13話 - 物言う死体
ロランが即座に守護聖壁を展開する。光の膜が僕らを包んだことにより、女司祭の短縮詠唱による攻撃は牽制された。敵の魔術師から放たれる魔弾も壁が弾いている。先の鬼人との戦闘により、ロランの防護祈祷も力強さを増していた。
戦槌の戦士――レオンが怯まずに躍りかかるが、僕もすかさず前に出る。凄まじい風圧と共にハンマーが振り上げられる。この圧倒的な一撃。少し前の僕なら掠っただけで全身がバラバラになっていたはずだ。だが。
盾に自分の息吹を注ぎ込むイメージ。左手から先全体が青い光に包まれる。盾を強固に推し固めるイメージでマナを注ぎ込む。盾を前に突き出して構える。次の瞬間、猛烈な衝撃が全身を襲う。
(……ぐっ、あぁっ‼)
両足の地面が抉れる。激しい衝撃音が通路を飲み込む。だが果たして、僕の盾は暴力的なハンマーの勢いを完全に止めていた。

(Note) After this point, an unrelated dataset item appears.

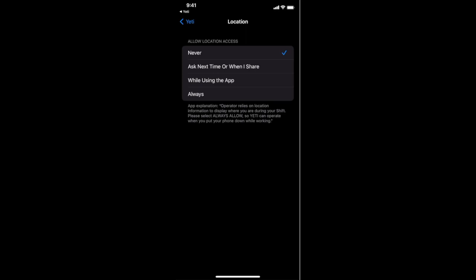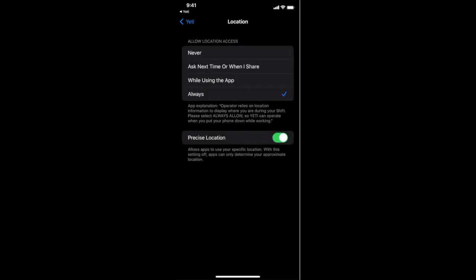The inclination at this point will likely be to choose while using the app. However, you will want to select always. While using the app prohibits sharing when your phone is hibernated. So to best combat slip and fall claims and protect ourselves and our companies from liability, we will want to select always.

「……⁉ 驚いた、こいつを真正面から止めるたぁな!」
燃え盛るような髭面でニカっと笑みを浮かべると、彼は一度前線から距離を取った。
(もう一度は無理かもしれないんですけどね……!)
続いて盾を新調したあの剣士が突貫してくるが、目の前にシュエが立ちはだかる。振りかぶった剣の腹に掌を当て、僅かに軌道を逸らす。剣士は盾を構えようとするが既に遅い。シュエの身体は間合いの内にするりと入り込み、重心を落としながら肘を相手のみぞおちに滑り込ませた。
「ぐっ、ぶぅえっ……ッ!」
剣士は激しく吐瀉物をまき散らしながらそのまま地面に倒れ込む。
「お、あぁ……てめぇ、らっ……!」
嗚咽し、目に涙を浮かべながら道士服の少女を見上げている。
「はぁ。アナタ弱すぎ。しばらく寝てるといい」
シュエは余裕の表情で、剣士が落とした盾と剣を通路の脇の方に蹴飛ばす。これで前衛の一人を完全に無力化できた。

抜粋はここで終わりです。